This task calls for the lines below starting at the one containing "Lễ khai mạc" and ending at the one containing "T-shirt col rond pur coton NEVERSO garçon", repeated exactly with both ends kept and pictures left out.

**DATA EXTRACTS:**
......

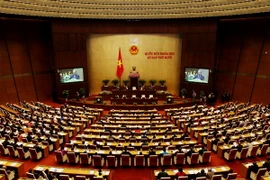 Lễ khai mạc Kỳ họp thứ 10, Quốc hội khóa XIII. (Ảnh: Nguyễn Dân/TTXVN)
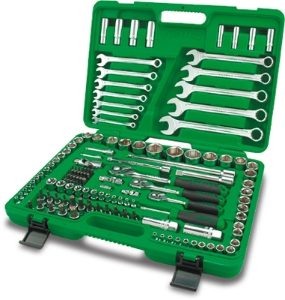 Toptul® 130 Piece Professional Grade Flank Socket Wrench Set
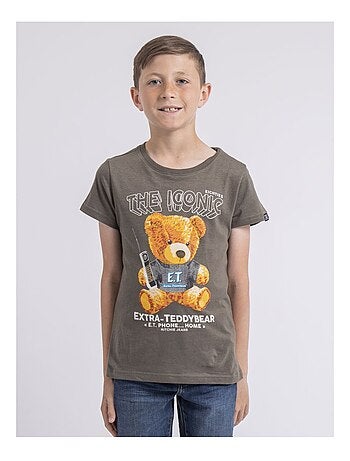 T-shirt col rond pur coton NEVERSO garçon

......

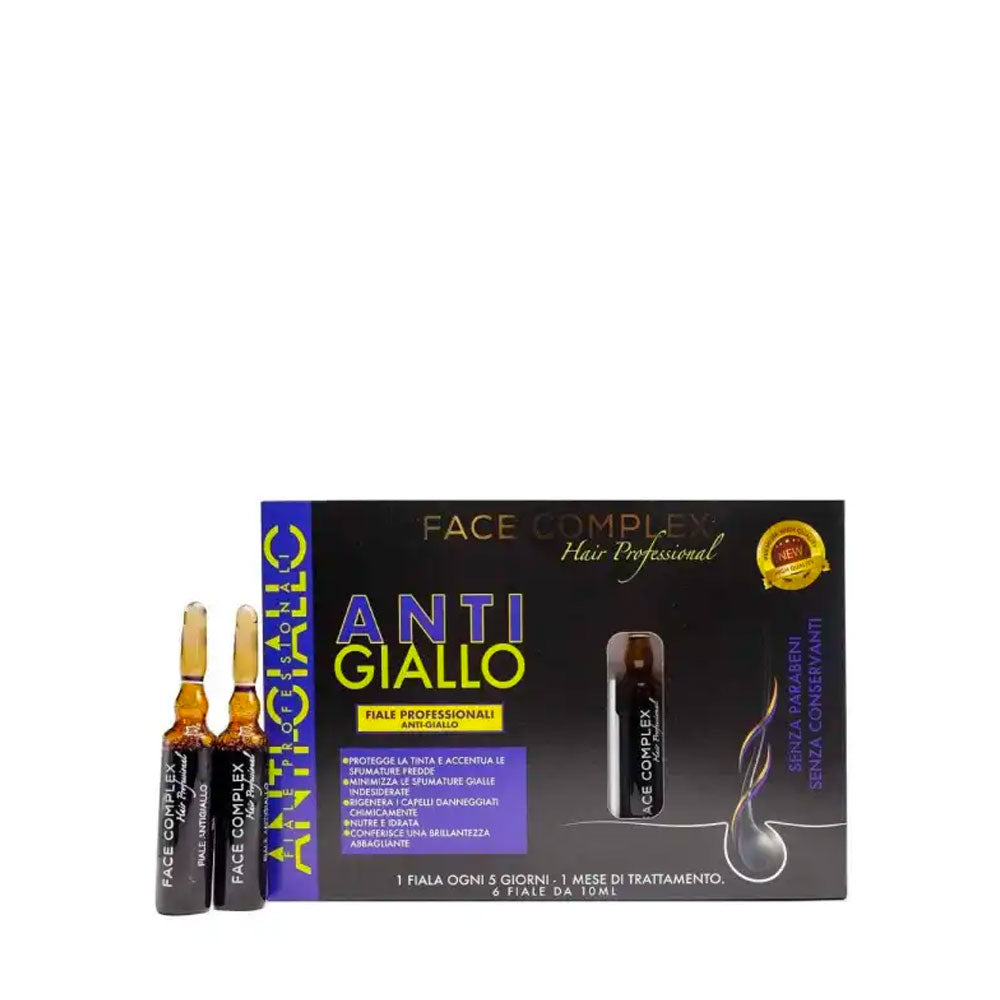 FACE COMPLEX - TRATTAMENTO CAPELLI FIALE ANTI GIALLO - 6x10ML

......

**ANSWER SPACE:**
 Lễ khai mạc Kỳ họp thứ 10, Quốc hội khóa XIII. (Ảnh: Nguyễn Dân/TTXVN)
 Toptul® 130 Piece Professional Grade Flank Socket Wrench Set
 T-shirt col rond pur coton NEVERSO garçon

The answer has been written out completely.